THE DATA Block Start

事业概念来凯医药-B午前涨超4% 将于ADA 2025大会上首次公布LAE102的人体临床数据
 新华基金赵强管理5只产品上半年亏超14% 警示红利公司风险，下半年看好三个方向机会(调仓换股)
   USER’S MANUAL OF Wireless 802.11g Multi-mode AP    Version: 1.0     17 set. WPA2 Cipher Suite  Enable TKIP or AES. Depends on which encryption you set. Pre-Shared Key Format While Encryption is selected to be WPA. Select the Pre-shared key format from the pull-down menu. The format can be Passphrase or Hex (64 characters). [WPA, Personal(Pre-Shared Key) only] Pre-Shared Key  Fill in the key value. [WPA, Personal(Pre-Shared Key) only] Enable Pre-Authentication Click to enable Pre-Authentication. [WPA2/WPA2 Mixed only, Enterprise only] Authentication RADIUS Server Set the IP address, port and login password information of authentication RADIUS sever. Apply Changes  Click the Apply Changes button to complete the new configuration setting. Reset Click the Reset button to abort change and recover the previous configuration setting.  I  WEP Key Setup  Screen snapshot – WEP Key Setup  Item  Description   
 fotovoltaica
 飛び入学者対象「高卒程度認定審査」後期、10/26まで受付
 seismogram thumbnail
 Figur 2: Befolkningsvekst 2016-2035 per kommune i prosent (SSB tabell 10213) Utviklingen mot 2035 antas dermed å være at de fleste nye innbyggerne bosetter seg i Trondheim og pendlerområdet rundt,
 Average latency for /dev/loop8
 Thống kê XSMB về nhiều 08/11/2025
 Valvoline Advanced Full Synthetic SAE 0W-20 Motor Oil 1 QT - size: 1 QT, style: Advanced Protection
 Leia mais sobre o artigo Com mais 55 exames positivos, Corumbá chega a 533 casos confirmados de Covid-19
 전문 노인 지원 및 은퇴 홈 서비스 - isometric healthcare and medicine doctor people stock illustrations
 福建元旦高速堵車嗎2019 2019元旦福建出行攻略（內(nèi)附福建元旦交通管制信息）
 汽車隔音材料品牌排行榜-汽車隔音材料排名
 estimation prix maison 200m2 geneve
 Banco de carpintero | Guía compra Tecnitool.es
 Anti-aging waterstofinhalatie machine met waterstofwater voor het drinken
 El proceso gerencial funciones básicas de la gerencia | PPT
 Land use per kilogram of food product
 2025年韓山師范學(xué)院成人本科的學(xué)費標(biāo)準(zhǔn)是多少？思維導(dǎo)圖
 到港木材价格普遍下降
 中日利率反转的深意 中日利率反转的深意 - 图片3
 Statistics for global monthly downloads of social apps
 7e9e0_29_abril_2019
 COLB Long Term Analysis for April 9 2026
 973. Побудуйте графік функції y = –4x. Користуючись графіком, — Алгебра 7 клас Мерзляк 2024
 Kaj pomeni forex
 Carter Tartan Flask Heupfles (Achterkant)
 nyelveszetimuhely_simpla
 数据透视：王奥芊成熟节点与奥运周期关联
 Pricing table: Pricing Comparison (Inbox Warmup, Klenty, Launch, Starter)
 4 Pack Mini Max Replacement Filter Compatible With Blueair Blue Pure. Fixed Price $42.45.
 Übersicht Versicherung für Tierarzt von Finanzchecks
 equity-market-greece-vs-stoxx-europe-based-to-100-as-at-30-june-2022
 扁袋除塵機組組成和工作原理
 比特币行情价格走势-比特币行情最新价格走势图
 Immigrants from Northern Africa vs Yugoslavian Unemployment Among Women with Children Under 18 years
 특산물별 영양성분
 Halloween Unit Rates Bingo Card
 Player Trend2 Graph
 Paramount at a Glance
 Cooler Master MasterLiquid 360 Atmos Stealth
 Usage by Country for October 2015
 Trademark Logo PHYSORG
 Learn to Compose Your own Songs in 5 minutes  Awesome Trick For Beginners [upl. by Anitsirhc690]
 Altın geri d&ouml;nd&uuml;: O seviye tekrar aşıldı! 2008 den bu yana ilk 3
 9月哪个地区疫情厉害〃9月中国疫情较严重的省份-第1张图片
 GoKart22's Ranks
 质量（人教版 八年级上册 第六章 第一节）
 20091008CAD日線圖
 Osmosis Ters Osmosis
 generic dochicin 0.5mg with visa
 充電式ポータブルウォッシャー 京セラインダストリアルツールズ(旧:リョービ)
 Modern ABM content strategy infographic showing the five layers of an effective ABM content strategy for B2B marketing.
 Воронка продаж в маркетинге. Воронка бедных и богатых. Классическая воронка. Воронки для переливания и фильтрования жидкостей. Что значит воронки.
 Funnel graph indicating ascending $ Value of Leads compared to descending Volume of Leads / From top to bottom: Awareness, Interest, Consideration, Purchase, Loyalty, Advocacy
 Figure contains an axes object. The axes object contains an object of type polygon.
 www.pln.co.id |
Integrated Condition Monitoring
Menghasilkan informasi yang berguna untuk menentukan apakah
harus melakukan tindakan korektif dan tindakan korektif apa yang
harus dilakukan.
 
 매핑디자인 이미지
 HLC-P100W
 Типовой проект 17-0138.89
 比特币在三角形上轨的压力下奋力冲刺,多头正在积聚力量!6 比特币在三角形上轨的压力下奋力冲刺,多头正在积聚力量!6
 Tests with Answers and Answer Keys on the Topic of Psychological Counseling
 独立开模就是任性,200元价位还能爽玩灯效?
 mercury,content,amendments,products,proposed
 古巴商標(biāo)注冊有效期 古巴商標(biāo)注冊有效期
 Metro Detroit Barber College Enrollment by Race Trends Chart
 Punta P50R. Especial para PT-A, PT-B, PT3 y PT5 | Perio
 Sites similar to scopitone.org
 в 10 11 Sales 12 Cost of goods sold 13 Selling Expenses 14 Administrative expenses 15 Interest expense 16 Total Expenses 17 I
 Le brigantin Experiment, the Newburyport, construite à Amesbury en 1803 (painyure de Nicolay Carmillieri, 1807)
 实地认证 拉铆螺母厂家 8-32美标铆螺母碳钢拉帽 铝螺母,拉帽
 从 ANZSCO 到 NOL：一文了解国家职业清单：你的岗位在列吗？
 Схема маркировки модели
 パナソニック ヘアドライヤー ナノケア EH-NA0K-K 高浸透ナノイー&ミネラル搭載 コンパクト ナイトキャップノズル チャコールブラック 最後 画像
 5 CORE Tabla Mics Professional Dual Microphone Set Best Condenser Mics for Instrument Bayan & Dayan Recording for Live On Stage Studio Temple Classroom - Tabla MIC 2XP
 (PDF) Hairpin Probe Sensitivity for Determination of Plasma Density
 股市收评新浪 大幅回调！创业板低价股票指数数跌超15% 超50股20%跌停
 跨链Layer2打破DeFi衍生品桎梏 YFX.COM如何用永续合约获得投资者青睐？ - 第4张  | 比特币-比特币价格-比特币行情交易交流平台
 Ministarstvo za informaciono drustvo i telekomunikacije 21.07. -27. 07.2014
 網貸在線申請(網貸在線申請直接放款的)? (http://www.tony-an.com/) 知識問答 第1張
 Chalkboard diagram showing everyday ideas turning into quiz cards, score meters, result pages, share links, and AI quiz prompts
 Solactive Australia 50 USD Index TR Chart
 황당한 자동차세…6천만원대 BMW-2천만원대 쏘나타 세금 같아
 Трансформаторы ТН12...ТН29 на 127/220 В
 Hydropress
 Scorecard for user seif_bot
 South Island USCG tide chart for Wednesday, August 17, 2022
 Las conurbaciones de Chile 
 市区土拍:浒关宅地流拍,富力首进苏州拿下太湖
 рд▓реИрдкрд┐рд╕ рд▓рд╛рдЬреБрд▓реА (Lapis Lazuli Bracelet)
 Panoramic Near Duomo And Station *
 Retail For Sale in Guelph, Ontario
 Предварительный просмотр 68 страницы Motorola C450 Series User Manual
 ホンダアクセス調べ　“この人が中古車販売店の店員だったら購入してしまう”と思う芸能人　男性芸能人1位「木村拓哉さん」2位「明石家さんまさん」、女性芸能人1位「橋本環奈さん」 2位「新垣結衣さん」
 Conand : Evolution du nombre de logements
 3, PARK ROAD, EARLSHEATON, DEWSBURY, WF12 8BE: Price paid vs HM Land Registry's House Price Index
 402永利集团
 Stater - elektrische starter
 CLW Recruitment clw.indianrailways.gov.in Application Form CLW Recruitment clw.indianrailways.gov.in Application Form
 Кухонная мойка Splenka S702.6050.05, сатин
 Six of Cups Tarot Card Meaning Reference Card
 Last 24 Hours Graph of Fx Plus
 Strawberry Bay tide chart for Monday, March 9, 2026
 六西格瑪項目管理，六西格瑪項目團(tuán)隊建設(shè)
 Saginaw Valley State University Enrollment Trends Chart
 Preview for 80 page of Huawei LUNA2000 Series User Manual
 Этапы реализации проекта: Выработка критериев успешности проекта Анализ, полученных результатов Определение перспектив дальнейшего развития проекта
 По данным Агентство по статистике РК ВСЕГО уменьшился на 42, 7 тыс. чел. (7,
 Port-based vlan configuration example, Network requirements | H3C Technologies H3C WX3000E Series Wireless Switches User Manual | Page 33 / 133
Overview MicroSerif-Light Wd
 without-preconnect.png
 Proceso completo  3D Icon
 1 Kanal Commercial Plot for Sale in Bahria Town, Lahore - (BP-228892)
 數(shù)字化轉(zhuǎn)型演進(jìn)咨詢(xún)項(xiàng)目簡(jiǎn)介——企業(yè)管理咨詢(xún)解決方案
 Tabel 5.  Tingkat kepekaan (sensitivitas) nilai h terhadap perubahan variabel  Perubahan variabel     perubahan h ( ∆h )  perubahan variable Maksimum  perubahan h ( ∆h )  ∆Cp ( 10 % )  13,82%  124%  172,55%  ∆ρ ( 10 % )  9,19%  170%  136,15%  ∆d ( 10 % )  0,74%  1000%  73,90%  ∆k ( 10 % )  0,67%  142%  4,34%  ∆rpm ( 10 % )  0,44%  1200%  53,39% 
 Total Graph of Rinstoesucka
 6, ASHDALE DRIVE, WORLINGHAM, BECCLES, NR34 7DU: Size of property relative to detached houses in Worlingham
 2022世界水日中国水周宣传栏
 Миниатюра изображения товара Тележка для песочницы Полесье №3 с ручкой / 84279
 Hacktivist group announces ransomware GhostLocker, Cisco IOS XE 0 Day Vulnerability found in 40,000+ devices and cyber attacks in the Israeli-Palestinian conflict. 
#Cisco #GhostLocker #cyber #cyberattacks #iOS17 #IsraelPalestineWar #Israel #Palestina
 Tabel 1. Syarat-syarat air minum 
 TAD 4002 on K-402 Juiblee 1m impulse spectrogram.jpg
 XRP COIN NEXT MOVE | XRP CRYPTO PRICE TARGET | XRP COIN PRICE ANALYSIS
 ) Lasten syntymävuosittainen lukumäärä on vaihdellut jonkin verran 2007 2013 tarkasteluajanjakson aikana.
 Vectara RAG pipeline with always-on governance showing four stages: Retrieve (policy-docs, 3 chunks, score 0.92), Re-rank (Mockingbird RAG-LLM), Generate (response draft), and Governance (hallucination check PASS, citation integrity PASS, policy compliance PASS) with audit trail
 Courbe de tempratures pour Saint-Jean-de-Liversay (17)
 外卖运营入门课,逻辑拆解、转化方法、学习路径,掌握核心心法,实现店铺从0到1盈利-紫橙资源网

THE DATA Block End

WORK INSTRUCTION | The required output is the stretch of entries above from the line containing "Stater - elektrische starter" through the line containing "數(shù)字化轉(zhuǎ", reproduced exactly.

ANSWER AREA |
 Stater - elektrische starter
 CLW Recruitment clw.indianrailways.gov.in Application Form CLW Recruitment clw.indianrailways.gov.in Application Form
 Кухонная мойка Splenka S702.6050.05, сатин
 Six of Cups Tarot Card Meaning Reference Card
 Last 24 Hours Graph of Fx Plus
 Strawberry Bay tide chart for Monday, March 9, 2026
 六西格瑪項目管理，六西格瑪項目團(tuán)隊建設(shè)
 Saginaw Valley State University Enrollment Trends Chart
 Preview for 80 page of Huawei LUNA2000 Series User Manual
 Этапы реализации проекта: Выработка критериев успешности проекта Анализ, полученных результатов Определение перспектив дальнейшего развития проекта
 По данным Агентство по статистике РК ВСЕГО уменьшился на 42, 7 тыс. чел. (7,
 Port-based vlan configuration example, Network requirements | H3C Technologies H3C WX3000E Series Wireless Switches User Manual | Page 33 / 133
Overview MicroSerif-Light Wd
 without-preconnect.png
 Proceso completo  3D Icon
 1 Kanal Commercial Plot for Sale in Bahria Town, Lahore - (BP-228892)
 數(shù)字化轉(zhuǎn)型演進(jìn)咨詢(xún)項(xiàng)目簡(jiǎn)介——企業(yè)管理咨詢(xún)解決方案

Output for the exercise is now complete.